EXERCISE AIM ::
Repeat the data exactly. Pictures stay out.

SUPPLIED DATA ::
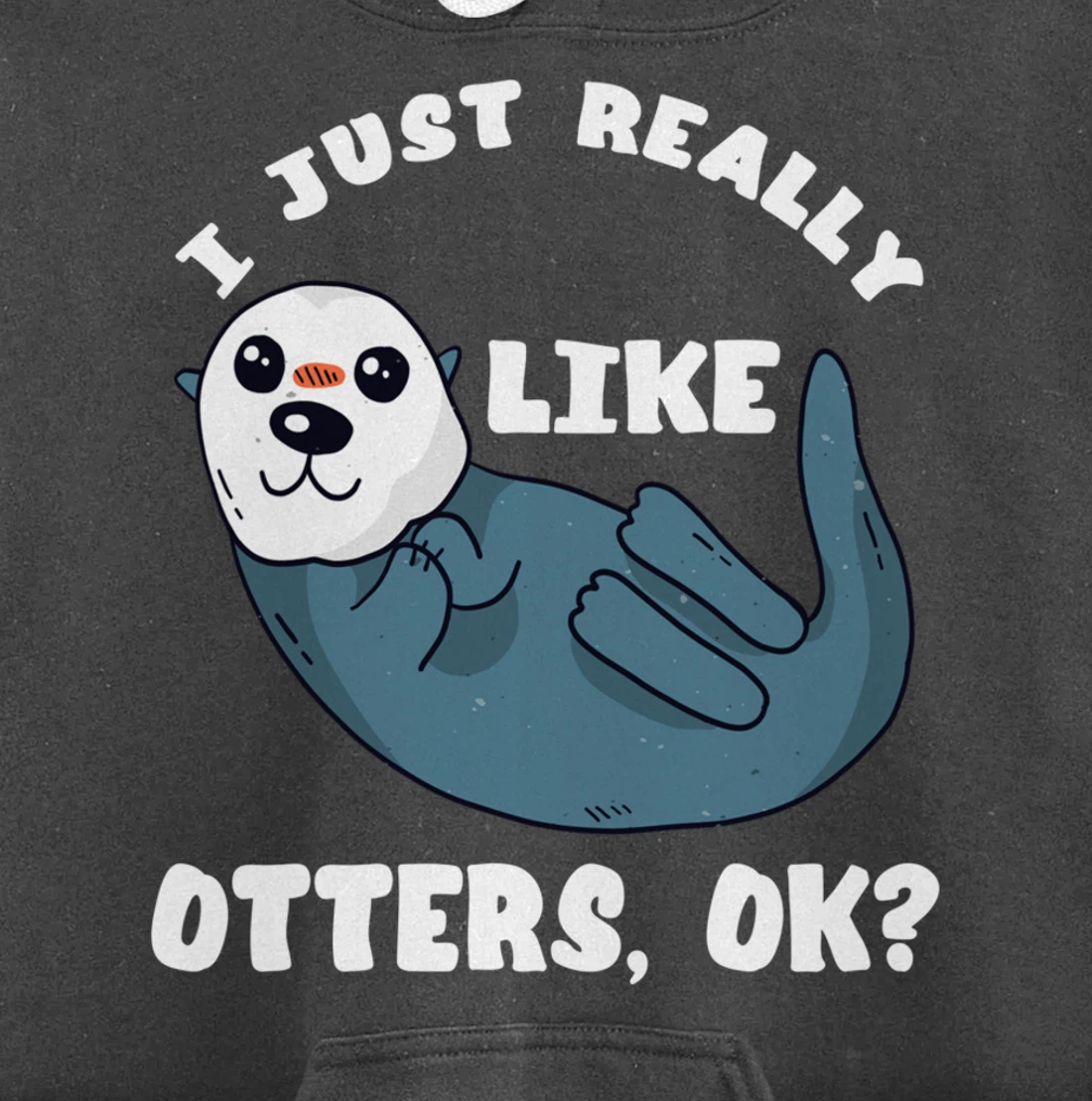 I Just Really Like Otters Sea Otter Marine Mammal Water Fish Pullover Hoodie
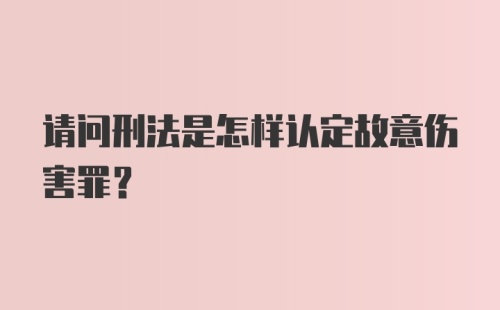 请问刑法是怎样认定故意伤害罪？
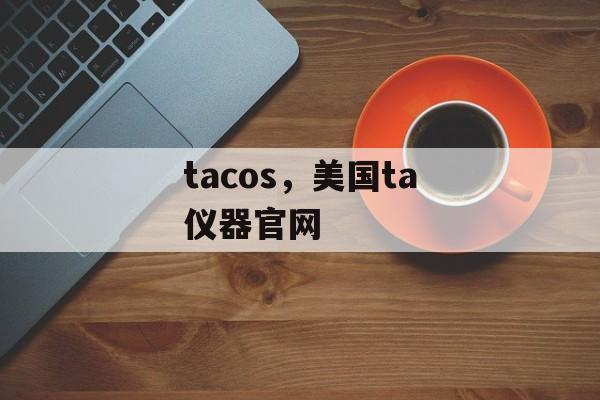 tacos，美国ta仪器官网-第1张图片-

EXERCISE RESULT ::
 I Just Really Like Otters Sea Otter Marine Mammal Water Fish Pullover Hoodie
 请问刑法是怎样认定故意伤害罪？
 tacos，美国ta仪器官网-第1张图片-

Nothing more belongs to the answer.